Sadly, walking through the underpass recently has become a worse experience than going the long way round, homeless encampments and the smell of urine and what looks like human faeces a common feature. It is well past time they were closed and filled.
As for the whitgift centre itself, I am amazed it’s still open at all, most of the decent retailers have left, only a matter of time I reckon before Marks and Sparks pulls the plug in favour of it’s Purley Way store.
Parking prices are quite frankly extortionate since they changed management. A major Croydon employer recently moved closer to East Croydon Station and the walk to the centre for lunch is now less viable as takes more than 30 mins to go there and grab food and get back, I expect traffic will be massively reduced there now.
So the Mayor is a supporter of business?
It never seems to be any of the businesses who are trying to make a go of things in the Whitgift Centre. It is shocking how they have been treated.
Perry rushed permission quickly through for those kiosks at the old Allders building on behalf of the property developers.
It must have a chance of opening within the next decade at least. Not in time for this Festive Season as the hype he provided gave the impression at the time.
As per my previous piece on this subject…the idea that the people in charge of this debacle should have our confidence in any of their development plans is increasingly risible.
I am very sorry, to hear, that they are closing witgify centre, i hope they build, new shopping centre, woth 12 floor, more shops, and more security guards, that brins more employment.
Well said!
Pop up shops in Allders. As a resident of Croydon, I am fed up seeing pots and pans, suitcases etc. We want decent shops in Croydon.
We used to have decent shops and could have again if Croydon was imaginative enough to reintroduce free parking Sundays
At least half the kiosks – note Westfield’s choice of word – in Allders will be fast food joints, Alice. So more fried chicken…

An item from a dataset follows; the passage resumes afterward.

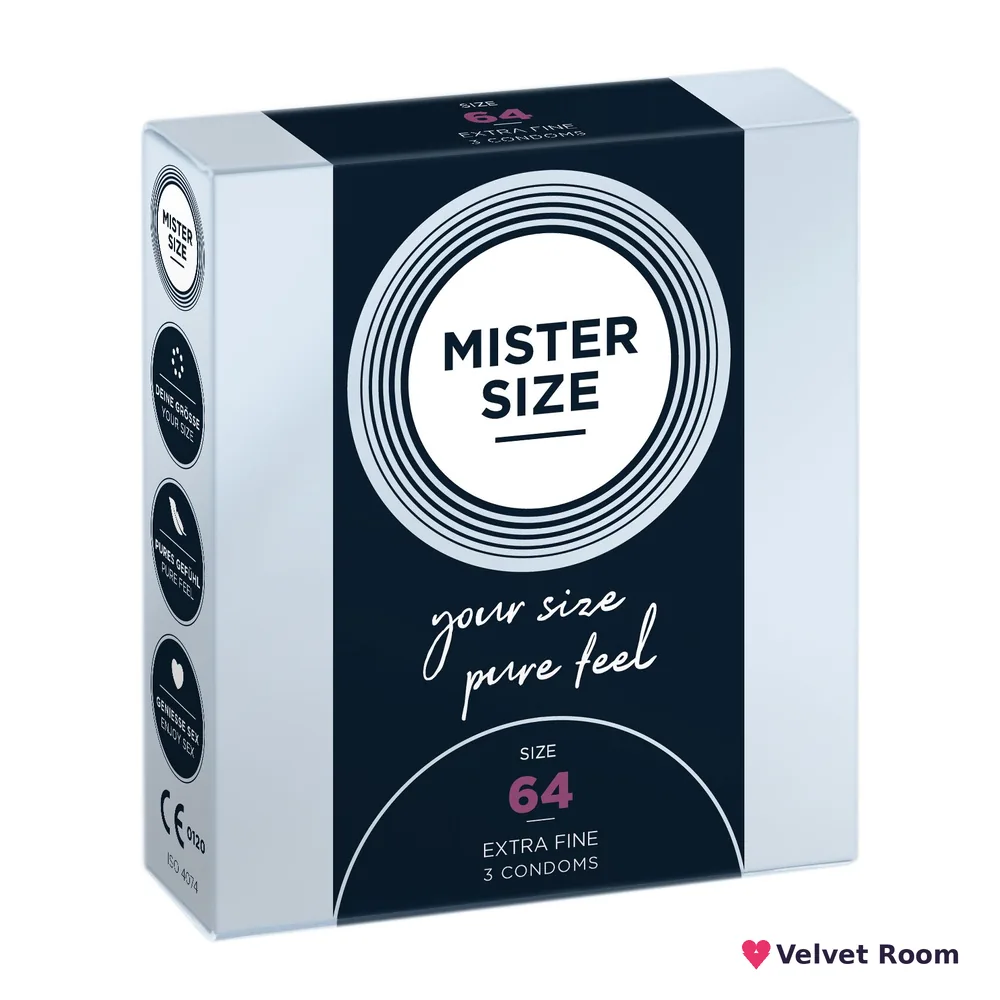 Презервативи Mister Size - pure feel - 64 (3 condoms), товщина 0,05 мм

What a debacle of a once proud shopping centre that was once in the top 10 in the country
It all started with the greedy on street parking charges in the 1990s and looks like it will end with the incompetence of disaster mayor Perry
So the Bridge to Nowhere strikes again. Nowhere on the east side and now Bugger All on the west due to this subway being closed. Pretty much makes Wellesley Rd Tram stop redundant.